PRESIDENTIELLES: Une victoire peut en cacher une autre

En termes de pourcentages, la France ne connaît pas vraiment une poussée de l’extrême droite. Le résultat des présidentielles n’en est pas moins désastreux pour la gauche. Et l’onde de choc pourrait toucher toute l’Europe.

Une partie du choc était prévisible. Contrairement à l’image qui se présente a l’issue de ce premier tour des présidentielles, la France n’a pas connu une véritable poussée de l’extrême droite. L’analyse des scrutins dévoile une autre réalité: (malheureusement) ce penchant vers la droite n’est rien de nouveau.

Déjà en 1995 et en 1988, Jean-Marie Le Pen a su rassembler 15 pour cent des voix au premier tour des présidentielles. Les 16,91 pour cent de 2002 ne représentent pas un grand saut en avant. Et la „honte“ manifestée dans les rues des villes de France est donc en partie une honte tardive.
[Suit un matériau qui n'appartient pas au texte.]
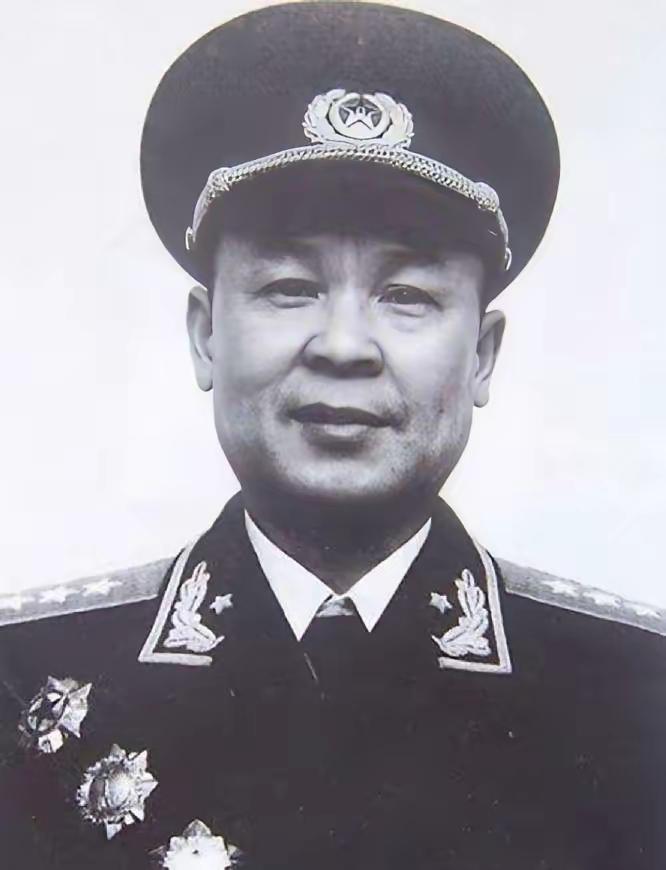 陈毅离开新四军，前往延安，当行至九旅驻地的时候，旅长韦国清十分热情接待陈毅，特意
En chiffres: la droite a perdu près de 4 millions de voix par rapport à 1995, la gauche en a perdu seulement 1,5 millions. Rassemblant 10 pour cent des voix, l’extrême gauche a même vécu un succès remarquable. Malgré cet exercice d’arithmétique, les conclusions à tirer de ce premier tour ne pourraient être plus désastreuses pour la gauche: Premièrement, on ne saurait banaliser le fait que presque 17 pour cent des Français et Françaises veulent bien faire confiance à un homme qui tient des propos ouvertement racistes et xénophobes. Deuxièmement, Jacques Chirac est en tête du premier tour et sera très probablement réélu Président de la République dans deux semaines. Certes, il ne pourra pas vraiment se vanter de cette victoire, car trop nombreux sont les témoignages du genre „au lieu de voter facho, il ne me reste plus qu’à voter escroc“.

Troisième conclusion du vote-choc: Suite à son échec, Lionel Jospin se retire de la vie politique. Ce faisant, le leader de la gauche plurielle pousse celle-ci encore un peu plus vers le bord de l’abîme.

Bon nombre de commentateurs concluent que c’est Jacques Chirac qui a remis Jean-Marie Le Pen en selle en faisant de l’insécurité le sujet principal de sa campagne. Si cela explique en partie le come-back de l’homme de l’extrême droite, il n’est pas moins vrai que la manière dont la gauche a mené la bataille électorale y est également pour quelque chose.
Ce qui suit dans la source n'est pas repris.